Task inputs: Begin
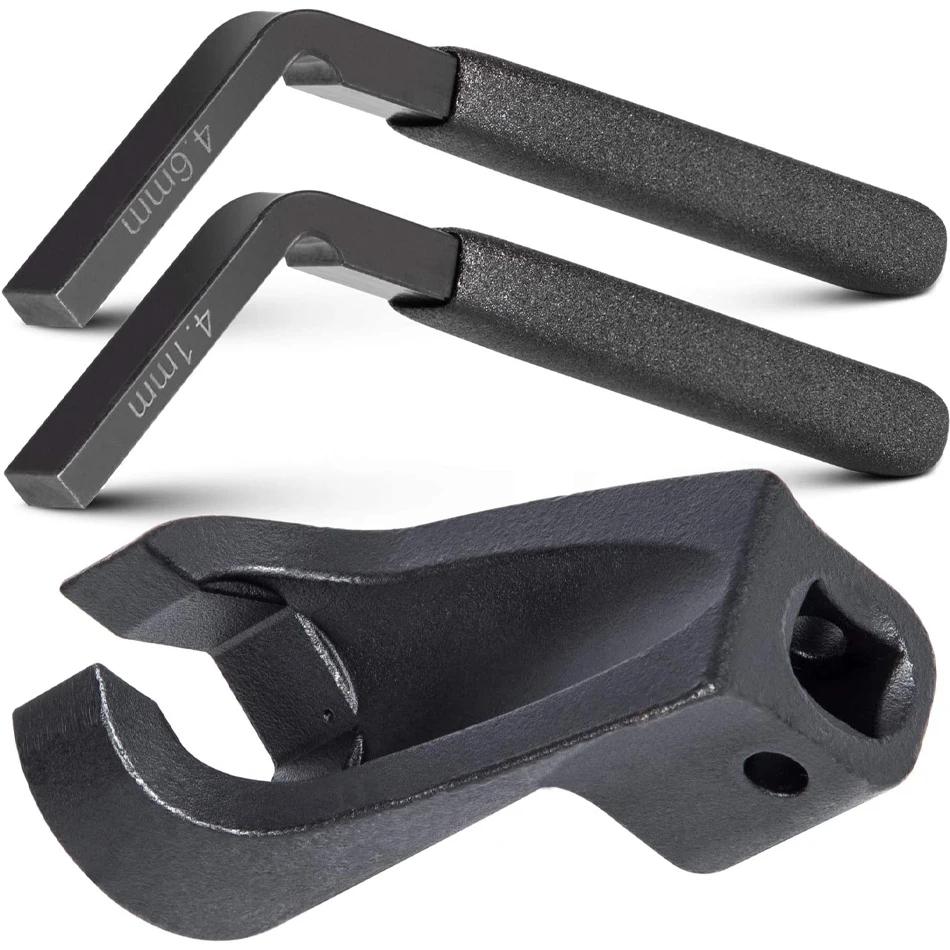Engine Brake Adjustment Tool 4.6MM/4.1MM&19MM High Pressure Fuel Line Socket Detroit Diesel DD13 DD15 DD16 Fuel Pipe Socket Tool чёрный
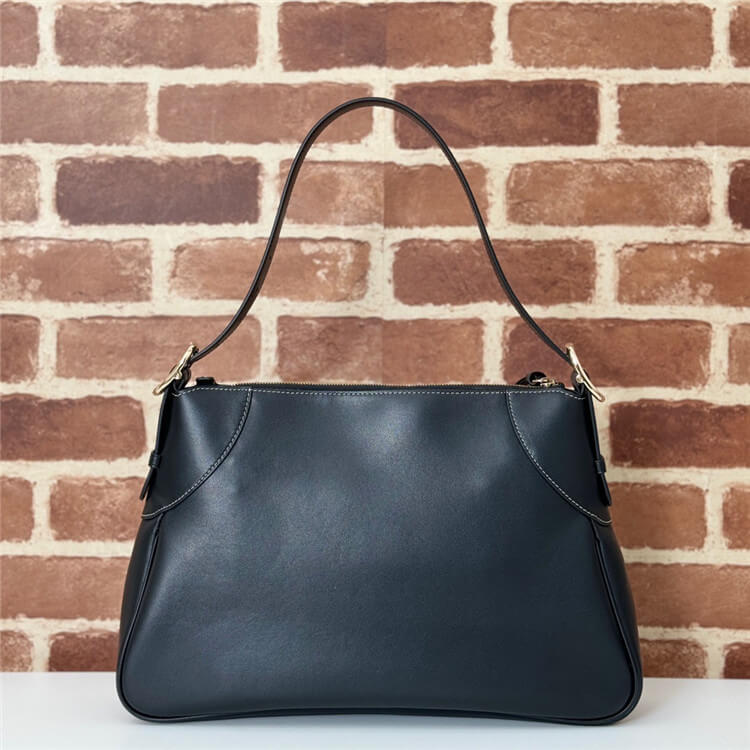 Replica Gucci GG Emblem Large Shoulder Bag 815217 AAEC2 1000 (4)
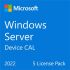 Примірник ПЗ Microsoft Windows Server 2022 CAL 5 Device рос, ОЕМ без носія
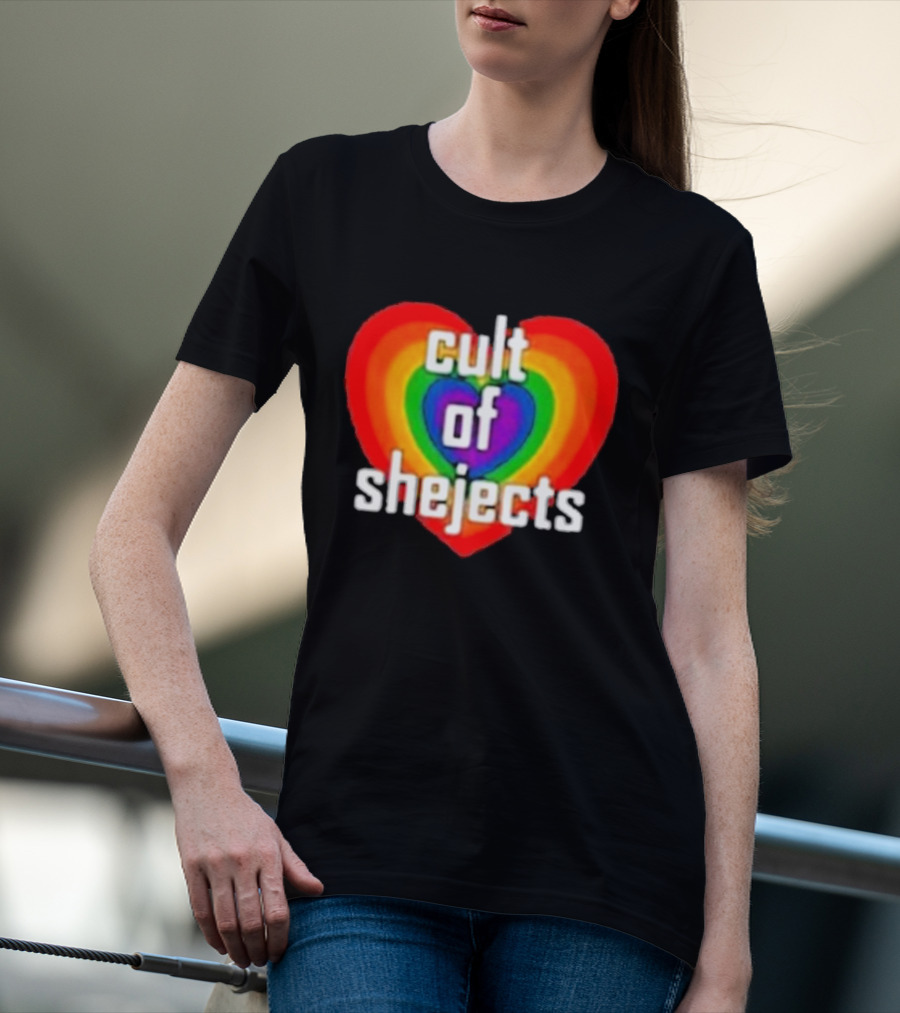 Cult Of Shejects Rainbow Heart T-Shirt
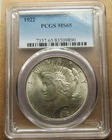 1922 Peace Silver Dollar MS 65 PCGS, Super Sharp Details.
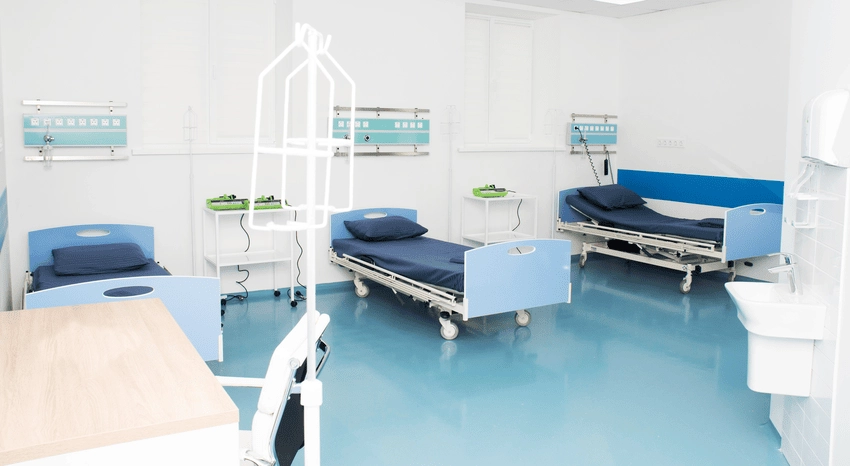 Background bệnh viện phòng khám rõ ràng và sạch sẽ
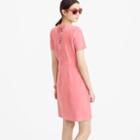 J.Crew Collection lace-up back suede dress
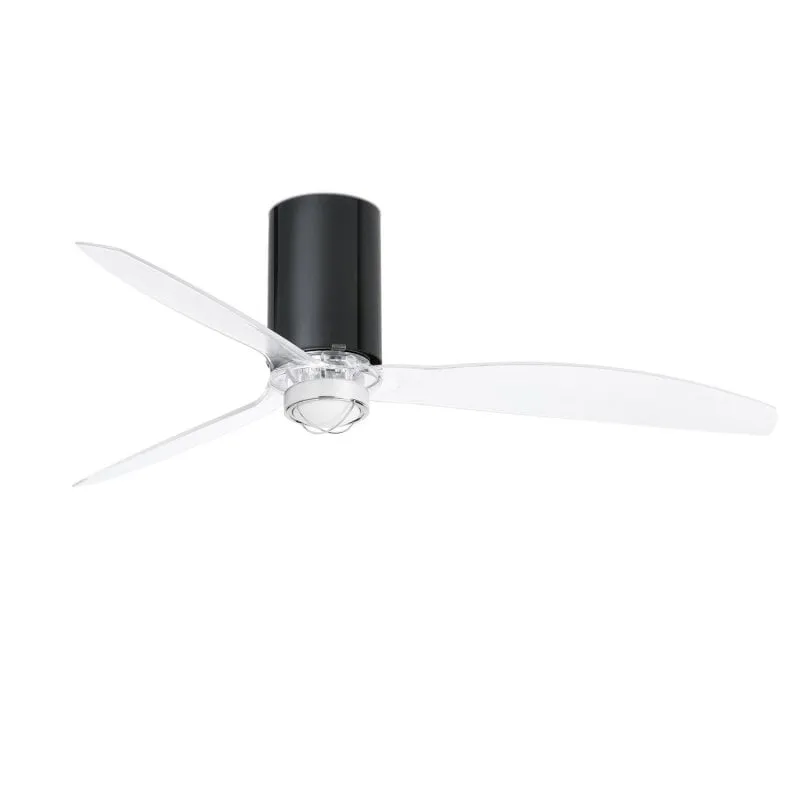 Ventilatore da Soffitto con Luce Faro MINI TUBE 32W 128cm 6 Velocità Telecomando Funzione Inverno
Task inputs: End
## Exercise instructions
The entries above should be reproduced exactly, without their pictures.

## Solution
Engine Brake Adjustment Tool 4.6MM/4.1MM&19MM High Pressure Fuel Line Socket Detroit Diesel DD13 DD15 DD16 Fuel Pipe Socket Tool чёрный
 Replica Gucci GG Emblem Large Shoulder Bag 815217 AAEC2 1000 (4)
 Примірник ПЗ Microsoft Windows Server 2022 CAL 5 Device рос, ОЕМ без носія
 Cult Of Shejects Rainbow Heart T-Shirt
 1922 Peace Silver Dollar MS 65 PCGS, Super Sharp Details.
 Background bệnh viện phòng khám rõ ràng và sạch sẽ
 J.Crew Collection lace-up back suede dress
 Ventilatore da Soffitto con Luce Faro MINI TUBE 32W 128cm 6 Velocità Telecomando Funzione Inverno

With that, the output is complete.